Challenging the status quo isn’t always easy, but it’s often necessary.
I believe there’s never been a more critical time to think differently about how we approach enterprise content security. Here’s why.
According to one estimate, we collectively create 2.5 quintillion bytes of data every day, and that number is poised to rise. When people try to access content—whether it lives in the form of text documents, or data stored in programs, apps or collaboration tools—there are different ways IT teams can defend it. The traditional IT security approach is to stand in the middle, like a gatekeeper who decides what end users can do. That was relatively easy 10 years ago when we had smaller networks to secure or a well-defined perimeter.
Today, our content footprint continues to grow, but we have persisted with same approach to security. Instead of thinking about how we interact with data, we have stayed focused on the security risks, which are largely the same as they’ve always been: traditional data leakage prevention, malware detection, authentication, and perimeter controls.
I believe our changing relationship with data demands a new approach to securing what we create, and it needs to put end users first. As Albert Einstein said, “We can’t solve problems using the same kind of thinking we used when we created them.”

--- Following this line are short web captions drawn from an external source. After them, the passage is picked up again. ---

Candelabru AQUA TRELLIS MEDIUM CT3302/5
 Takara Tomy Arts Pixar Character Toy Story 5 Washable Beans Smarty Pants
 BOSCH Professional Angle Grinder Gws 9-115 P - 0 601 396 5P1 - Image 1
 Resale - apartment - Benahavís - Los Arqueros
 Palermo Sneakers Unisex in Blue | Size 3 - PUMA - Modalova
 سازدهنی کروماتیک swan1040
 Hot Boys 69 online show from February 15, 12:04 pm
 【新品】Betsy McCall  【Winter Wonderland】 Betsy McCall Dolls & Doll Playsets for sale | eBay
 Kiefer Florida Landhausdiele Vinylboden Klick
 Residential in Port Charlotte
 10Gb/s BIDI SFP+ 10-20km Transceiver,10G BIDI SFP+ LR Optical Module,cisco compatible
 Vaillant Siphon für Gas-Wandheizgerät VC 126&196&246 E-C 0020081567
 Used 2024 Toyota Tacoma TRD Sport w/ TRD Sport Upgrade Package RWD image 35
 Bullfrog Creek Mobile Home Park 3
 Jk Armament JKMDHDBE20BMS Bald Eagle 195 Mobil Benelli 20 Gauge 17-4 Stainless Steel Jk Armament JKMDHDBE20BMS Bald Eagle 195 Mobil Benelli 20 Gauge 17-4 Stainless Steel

Moving Beyond the Era of Parental Controls
The biggest reason security data breaches happen is that people are simply human. While no one shows up to work in the morning intending to be negligent, many people are simply unaware of what security controls should be applied to sensitive data. Inevitably, they make mistakes that generate risk, so security professionals aim to reduce those errors by creating products that sit between the end user and the actions they need to take, deciding what to allow. It’s a lot like parental controls on your TV.
As enterprise systems grew and started moving into the cloud, the data leakage prevention industry developed more products to secure the increasing range of endpoints—essentially bolting on more parental controls for on-premises environments. For example, they can identify when someone shares a document that should have limited distribution and revoke their access. If I send you a link I wasn’t meant to share, you’ll find out when you try to open it because it won’t work. I’ll find out when you send me an email saying you don’t have access. The content is secure, but at what productivity cost? This is exactly what Einstein was talking about.
In recent years, security practitioners have started to realize that this isn’t the best way to solve the problem because nobody wants another barrier that gets in the way of getting work done. Nevertheless, the security market is still dominated by solutions that are bolted on between the end-user and the data they need to use.
Putting End-Users First
The biggest concern for organizations today is that data is growing at a significant rate. With more people using more devices and more apps, the challenge becomes increasingly unmanageable. Organizations need new solutions to manage this problem at scale because creating more barriers isn’t going to help. Security needs to account for the way people work.
At the heart of it, end users are just trying to get their work done. They want to find what they need quickly and collaborate with others when they need to, whether they’re editing documents, sharing via messaging apps, or analyzing data. Security should facilitate this work, not stifle it. To achieve that, organizations need security controls that are built-in, transparent, and empowering. End users should feel that their security processes protect them without getting in the way.
Using Technology to Bring Security Closer to the Content
In this new era of cloud-native data loss prevention, Box makes it easy to secure content at scale without creating friction for end users. We believe in an approach where we build the security layer right around the content itself. Using machine learning and adaptive content controls, security is wrapped right around the content as metadata, allowing users to seamlessly access content without walking into barriers.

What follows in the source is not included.